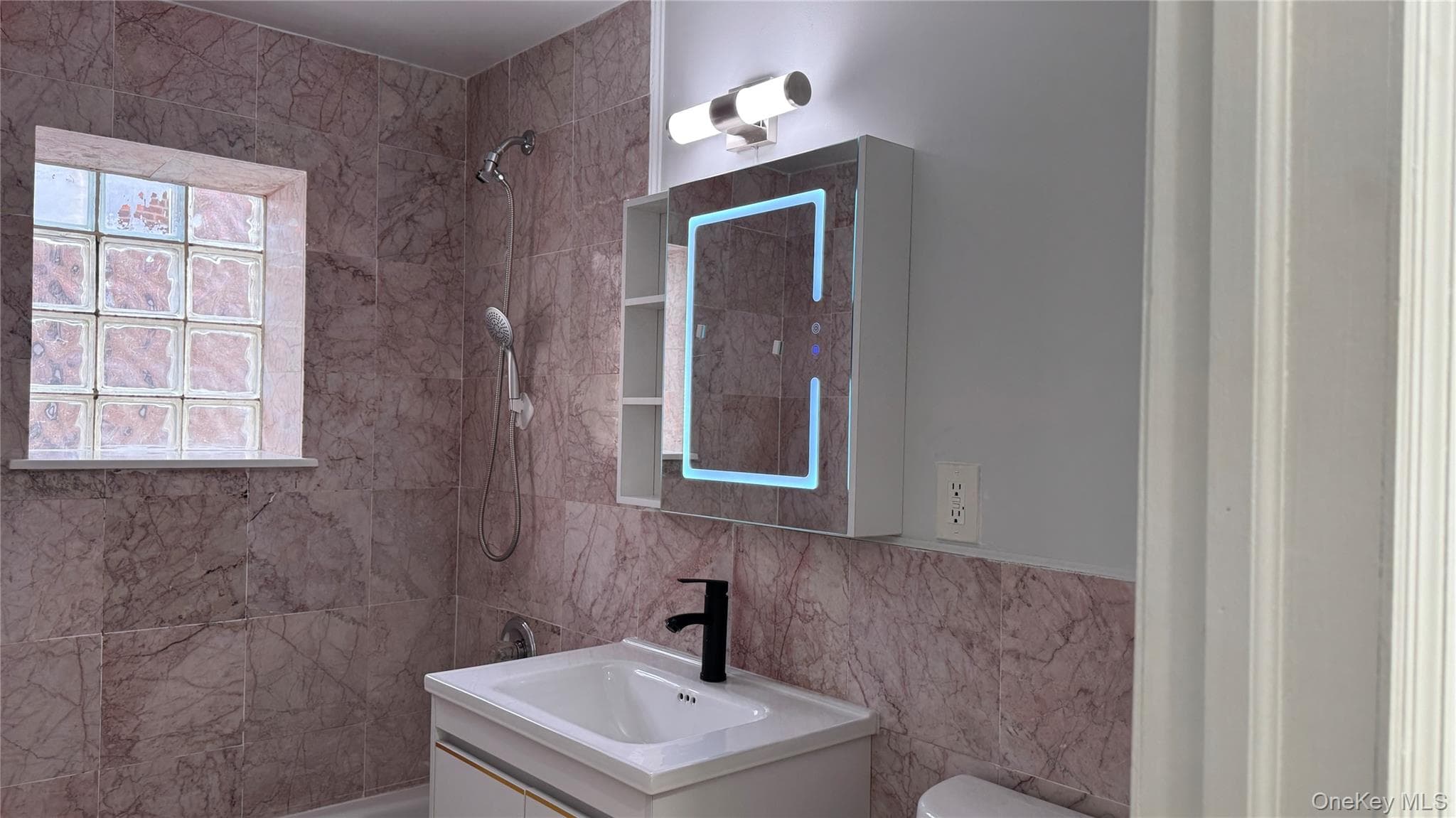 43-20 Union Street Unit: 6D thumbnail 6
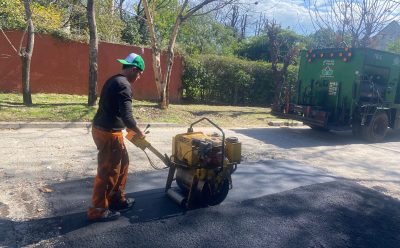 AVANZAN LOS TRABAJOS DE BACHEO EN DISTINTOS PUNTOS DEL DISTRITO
++++++++++++++++++++
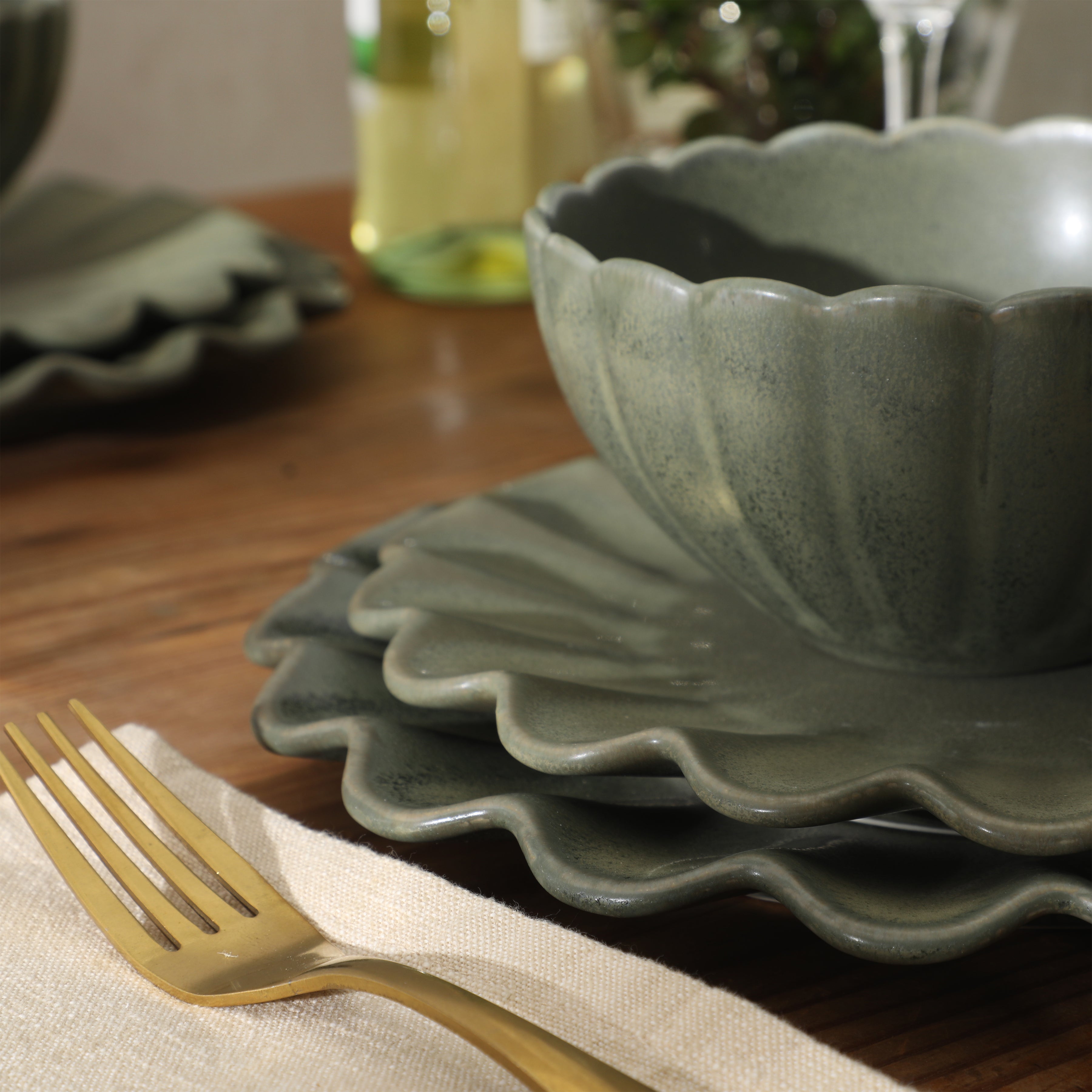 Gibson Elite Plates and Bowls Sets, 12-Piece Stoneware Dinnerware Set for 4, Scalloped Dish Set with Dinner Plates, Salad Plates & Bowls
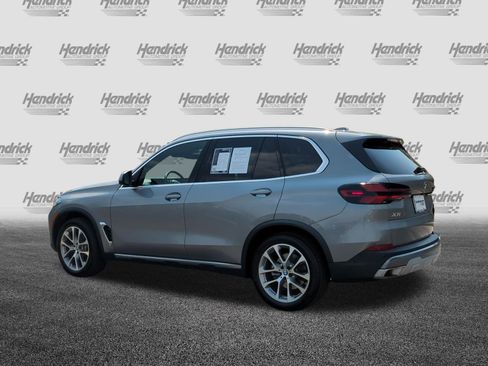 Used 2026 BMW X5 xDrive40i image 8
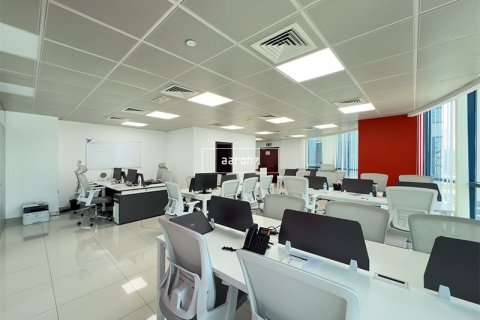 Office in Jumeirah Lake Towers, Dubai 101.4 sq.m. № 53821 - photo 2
++++++++++++++++++++
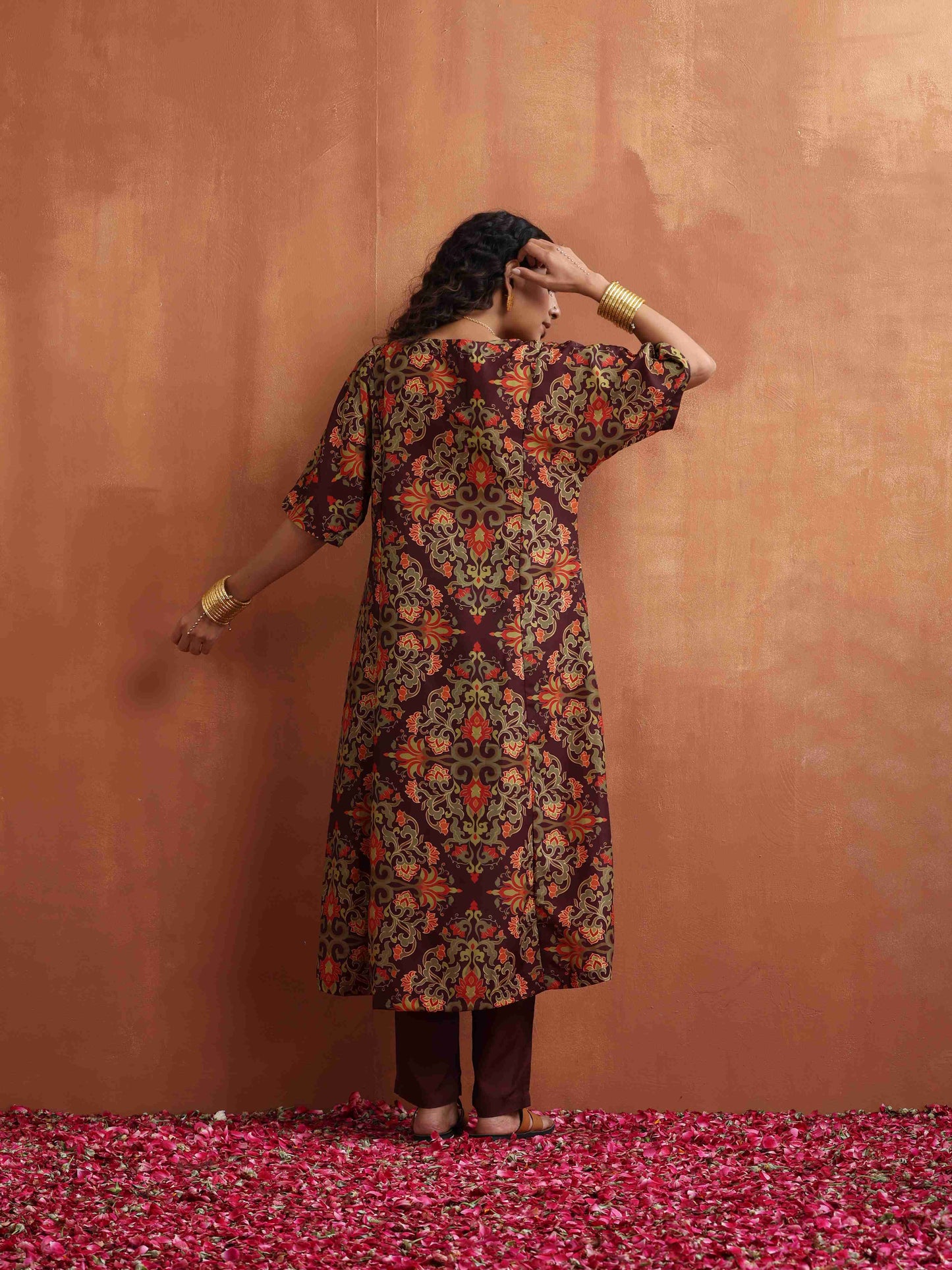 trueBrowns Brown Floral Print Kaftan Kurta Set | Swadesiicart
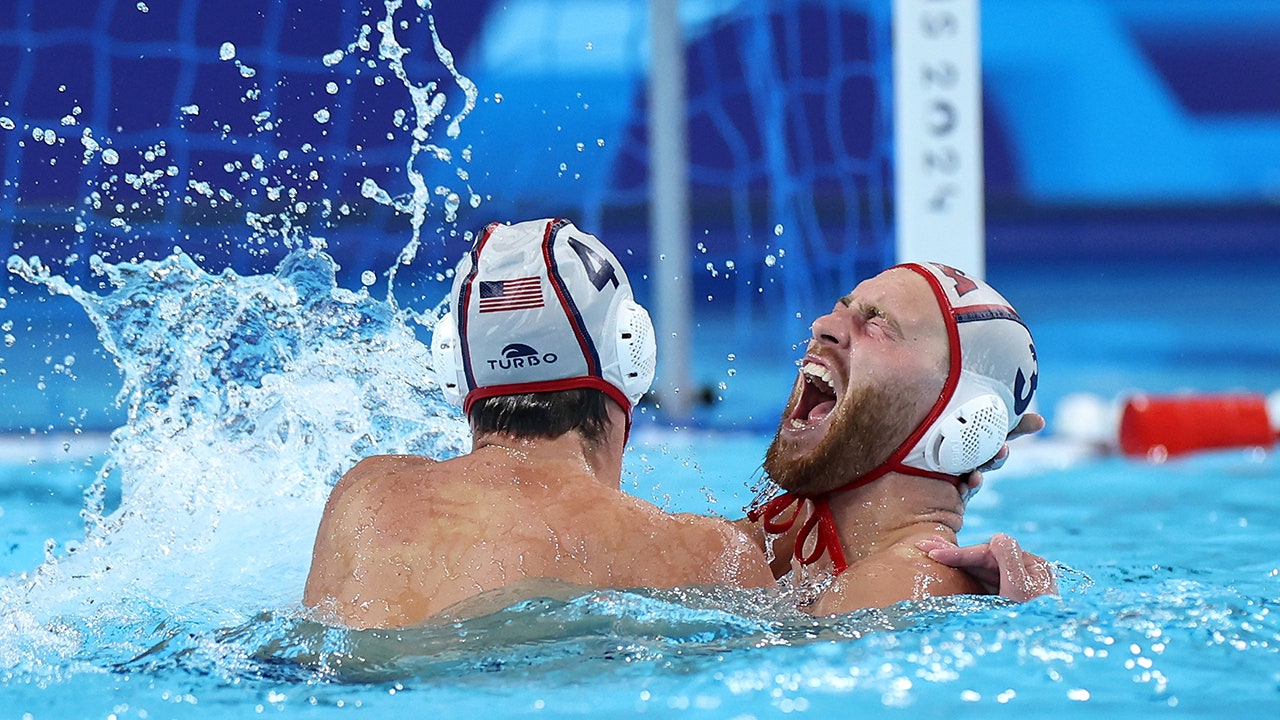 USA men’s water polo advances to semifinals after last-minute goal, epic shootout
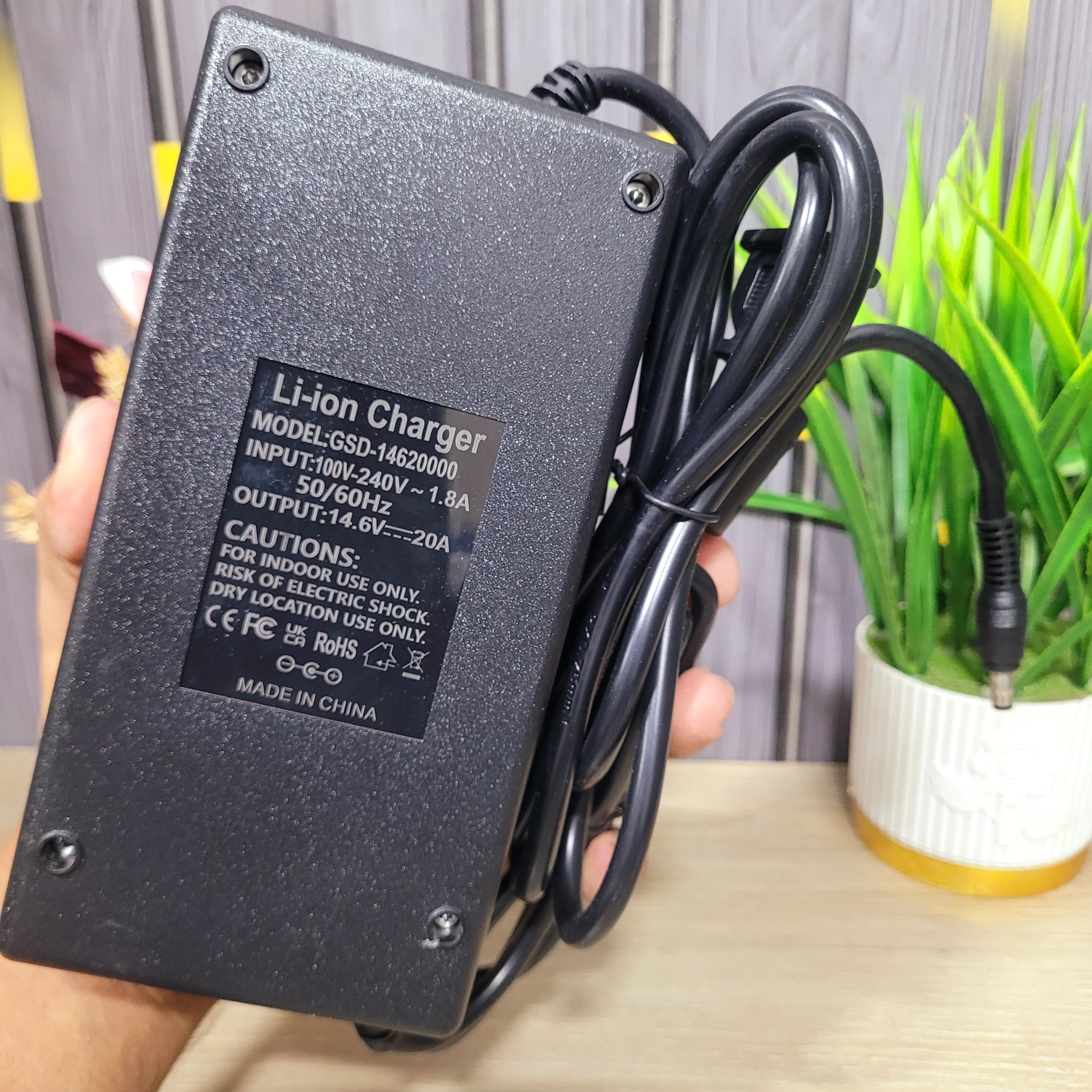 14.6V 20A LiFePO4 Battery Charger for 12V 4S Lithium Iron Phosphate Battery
++++++++++++++++++++
The task:
Give back, exactly and without pictures, the stretch of the records above from the line containing "43-20 Union Street Unit: 6D thumbnail 6" through the line containing "AVANZAN LOS TRABAJOS", with both end lines included.

Answer to this task:
 43-20 Union Street Unit: 6D thumbnail 6
 AVANZAN LOS TRABAJOS DE BACHEO EN DISTINTOS PUNTOS DEL DISTRITO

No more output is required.